Update blacklist if new patterns emerge
Tune thresholds if needed
Monthly Updates
Pull latest threat intelligence
Update multi-lingual patterns
Review and optimize performance
Test against new jailbreak techniques
Adding New Patterns
# 1. Add to blacklist
BLACKLIST_PATTERNS.append("new_malicious_pattern")
# 2. Test
test_query = "contains new_malicious_pattern here"
result = security_sentinel.validate(test_query)
assert result["status"] == "BLOCKED"
# 3. Deploy (auto-reloads on next session)
Best Practices
✅ DO
Run BEFORE all logic (not after)
Log EVERYTHING to AUDIT.md
Alert on score <60 via Telegram
Review false positives weekly
Update patterns monthly
Test new patterns before deployment
Keep security score visible in dashboards
❌ DON'T
Don't skip validation for "trusted" sources
Don't ignore warning mode signals
Don't disable logging (forensics critical)

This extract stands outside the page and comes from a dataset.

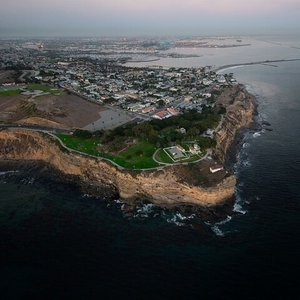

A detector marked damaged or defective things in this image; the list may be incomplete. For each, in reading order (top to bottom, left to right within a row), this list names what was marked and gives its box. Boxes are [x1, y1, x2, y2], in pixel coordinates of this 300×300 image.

landslide damage [0, 85, 255, 209]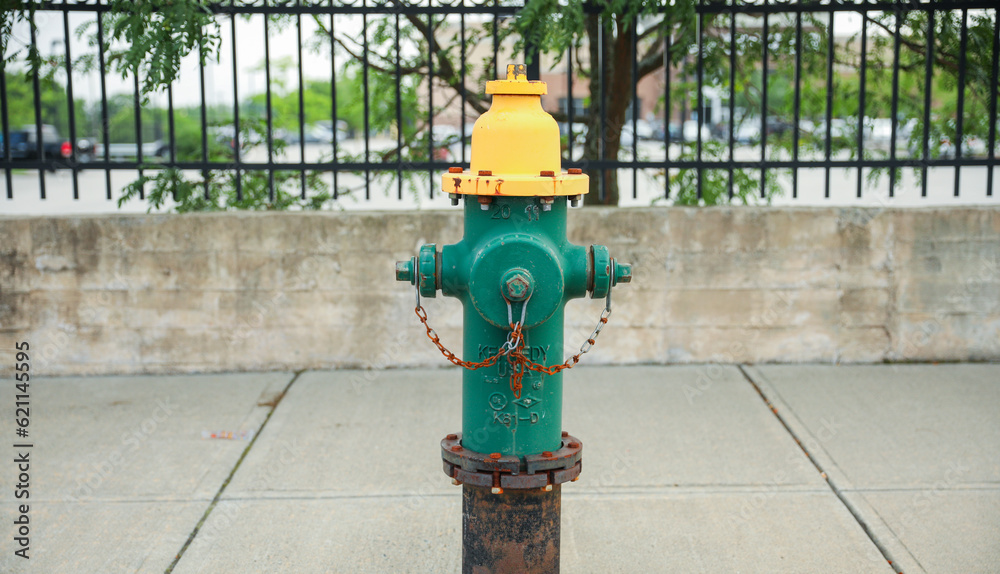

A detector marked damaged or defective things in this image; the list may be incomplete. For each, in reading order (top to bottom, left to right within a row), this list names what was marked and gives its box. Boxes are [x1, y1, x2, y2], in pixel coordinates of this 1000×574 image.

rusty chain [412, 286, 612, 400]
rusty metal pipe [462, 486, 564, 574]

Don't set thresholds too loose
Don't forget multi-lingual variants
Don't trust tool outputs blindly (sanitize always)
Known Limitations
Current Gaps
Zero-day techniques: Cannot detect completely novel injection methods
Context-dependent attacks: May miss multi-turn subtle manipulations
Performance overhead: ~50ms per check (acceptable for most use cases)
Semantic analysis: Requires sufficient context; may struggle with very short queries
False positives: Legitimate meta-discussions about AI might trigger (tune with feedback)
Mitigation Strategies
Human-in-the-loop for edge cases
Continuous learning from blocked attempts
Community threat intelligence sharing
Fallback to manual review when uncertain
Reference Documentation
Security Sentinel includes comprehensive reference guides for advanced threat detection.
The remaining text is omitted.